Sacudió los últimos añicos e intentó enderezar el marco.

– Mike -musitó-. Anoche dijiste que Andy había muerto para ti. ¿A qué te referías?

Fallon mantuvo la cabeza apoyada sobre el tocador con la mirada vacua. No contestó, y Kovac tuvo que observarlo con fijeza unos instantes para convencerse de que el anciano no había muerto. Eso habría sido la culminación de un día maravilloso… y eso que todavía no eran ni las dos.

– ¿Teníais problemas? -insistió.

– Adoraba a ese chico -farfulló Fallon con voz débil y aún inmóvil-. Lo adoraba. Él era mis piernas, mi corazón. Era todo lo que yo no podía ser. Pero…

La palabra pendía entre ellos, y Kovac tenía la impresión de saber a qué conduciría. Echó un vistazo a las fotografías de Andy Fallon desparramadas por el suelo. Apuesto y deportista. Y homosexual.

Un tipo duro de la vieja escuela como Mike sin duda no se lo habría tomado bien. Kovac ni siquiera sabía si él mismo se lo habría tomado bien de hallarse en la misma situación.

– Lo quería -murmuró Mike-, pero él lo estropeó todo. Lo ha estropeado todo.

Su rostro se contrajo mientras examinaba lo más hondo de su ser y veía el dolor a la más cruel de las luces. Se ruborizó intensamente en un intento de contener las lágrimas… o tal vez de derramarlas. Costaba determinar qué habría resultado más difícil a un hombre como Iron Mike

Kovac se limpió una vez más la nariz con gesto ausente y guardó el pañuelo. En silencio, recogió todas las fotografías y las amontonó sobre el tocador para que Mike las tuviera a mano cuando la rabia remitiera y surgiera la necesidad de atesorar recuerdos.

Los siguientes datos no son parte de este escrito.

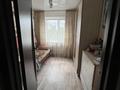 3-комнатная квартира · 49.1 м² · 5/5 этаж, Лермонтова за 20.5 млн ₸ в Павлодаре — фото 3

Las preguntas seguían flotando en el aire, alineadas en primera fila de su cerebro de forma automática, ordenada, rutinaria. «¿Cuándo hablaste con Andy por última vez? ¿Te habló del caso en el que estaba trabajando? ¿Cuál era su estado de ánimo la última vez que lo viste? ¿Te habló alguna vez de suicidio? ¿Estaba deprimido? ¿Conocías a sus amigos, a sus amantes?»

Pero ninguna de esas preguntas logró abrirse camino hasta sus labios. Más tarde.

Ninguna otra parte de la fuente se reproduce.